Growing up on the central Alberta plains, Joe Buffalo viewed his Samson Cree heritage as a source of pride: he could trace his bloodline, on his mother’s side, to Chief Poundmaker, a revered nineteenth-century Cree leader. At age eleven, he encountered a demoralizing reality of First Nations life. Like his parents and grandparents before him, he was shipped from his reserve to a residential school, one of many boarding institutions set up by the Canadian government to, as one early founder said, “kill the Indian in” indigenous children through Christian reëducation. First in Edmonton and then in Lebret, Saskatchewan, Buffalo endured stretches of up to a year away from his family and long days of assimilationist indoctrination. At night, he shared a living space with more than two hundred classmates stacked in bunk beds. He speaks about the experience in “Joe Buffalo,” a documentary short directed by Amar Chebib: “I could hear spirits in the walls from the dark history there. . . . It definitely fucked me up.”

Back home, Buffalo had picked up a hobby that became a crucial outlet—skateboarding. After ninth grade, he left residential schools and western Canada entirely and moved with his family to Ottawa. There, and later in Montreal, he got serious about skateboarding, competing in tournaments and thriving in the local skate community. By his late twenties, many of his peers were turning pro—they were signing deals with companies that would produce and sell board models bearing their names, a major rite in a skater’s career. But, when Buffalo attracted similar offers, he balked. His whole childhood, he’d been made to feel worthless, and now, as an adult, he doubted himself. “I didn’t think I deserved it,” he says in the film. He sabotaged himself in other ways, too. He drank heavily and developed a heroin addiction. He drifted across Canada and in and out of jail. He contemplated suicide. One summer, he overdosed three times.

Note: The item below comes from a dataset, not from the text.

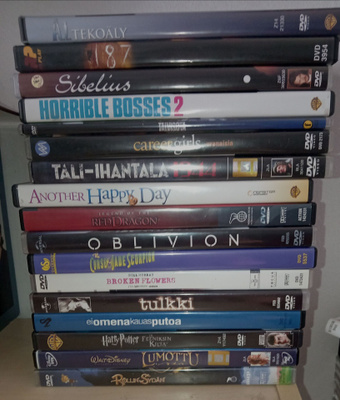 DVD Euron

The New Yorker Documentary

View the latest or submit your own film.

In 2019, Chebib read an article about Buffalo in a local newspaper. The two had once spent a summer skating together in Montreal, in 2005, shortly after Chebib moved to Canada from Dubai for university. Until reading about it, Chebib had not known that his old acquaintance had attended residential schools. By then, the institutions were a regular part of Canadian discourse: in 2015, the country’s Truth and Reconciliation Commission released a report condemning the program, in which thousands of children disappeared or died, as “cultural genocide.” As recently as this year, unmarked graves have been found on former school grounds; their discovery has sparked a renewed awareness of this violent and shameful part of North American history. Chebib followed the discussion around residential schools, and noticed that they were too often presented as atrocities from a distant past, when, in fact, they operated into the nineteen-nineties. In Buffalo’s story, Chebib saw a chance to remind the public that the schools’ effects are “very much a living part of the fabric of our society,” he told me. And, in Buffalo’s skateboarding, Chebib saw the opportunity to reach a younger audience that might not engage with a more traditional documentary on the subject.

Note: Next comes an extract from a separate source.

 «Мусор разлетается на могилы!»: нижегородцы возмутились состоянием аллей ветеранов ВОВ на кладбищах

When the two reconnected in Vancouver, where both now live, Buffalo was in his second year of sobriety. In addition to getting clean, he was also finally confronting the series of traumas that had steered him down a wayward path. He agreed to embark on a documentary project with Chebib, who welcomed Buffalo as not only the film’s subject but also his collaborator. “It was really important to me,” Chebib said, “as someone who’s not indigenous and hasn’t had this same life experience, to make sure there was some equity.”

Buffalo spent hours at Chebib’s kitchen table, sitting in front of an audio recorder, recounting his experiences. The sessions, which the pair later refined into the partly scripted monologue that runs through the film, were draining. “I would be overwhelmed to the point where I’d be crying,” Buffalo told me. But telling his story in this way was also cathartic. “I’d be so angry, but I’d be happy. That’s how fresh I was into it all. It’s not as easy as it seems.” The process was difficult, but it proved to be vital. The film shows Buffalo grappling with history that is both personal and generational. “It was part of my healing,” Buffalo said. “To be able to repeat these stories and gather strength with it—I’m rebuilding my spirit entirely.”